━━━ DATA BLOCK ━━━

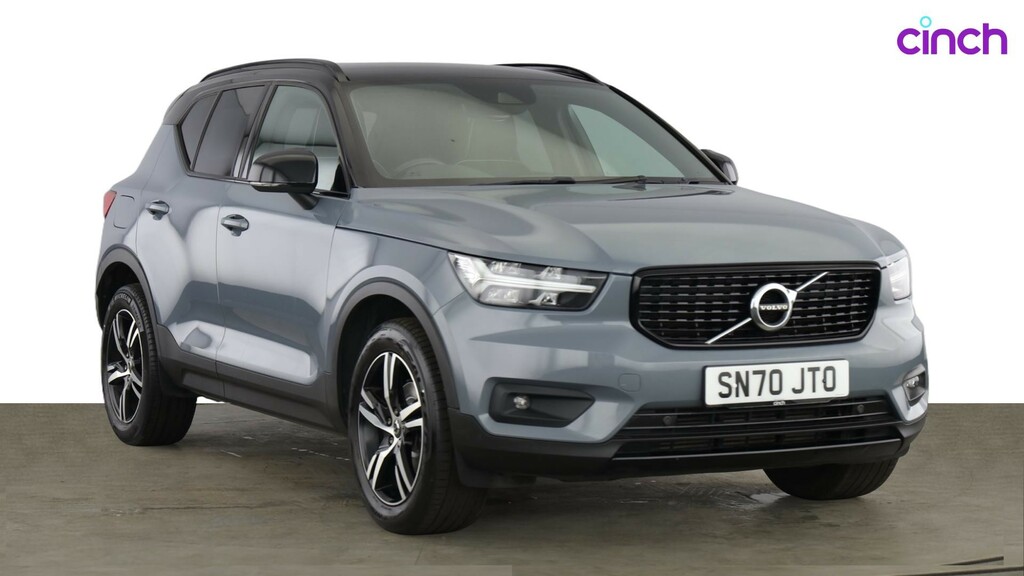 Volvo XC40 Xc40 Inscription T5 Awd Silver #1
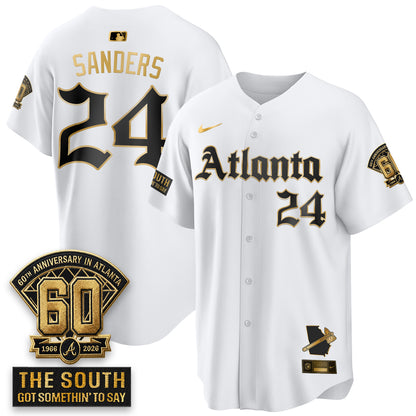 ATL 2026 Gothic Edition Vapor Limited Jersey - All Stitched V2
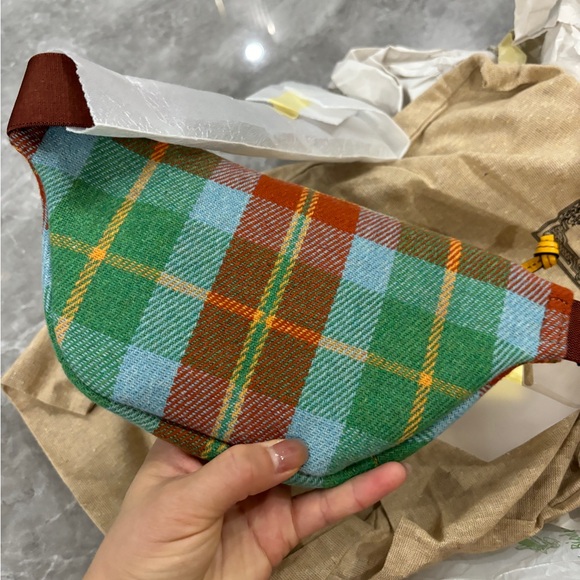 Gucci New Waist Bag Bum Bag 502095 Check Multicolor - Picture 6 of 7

━━━

• ABOUT THIS EXERCISE:
When you reach an image, pass over it, and retype all other material exactly.

• WRITTEN RESPONSE:
 Volvo XC40 Xc40 Inscription T5 Awd Silver #1
 ATL 2026 Gothic Edition Vapor Limited Jersey - All Stitched V2
 Gucci New Waist Bag Bum Bag 502095 Check Multicolor - Picture 6 of 7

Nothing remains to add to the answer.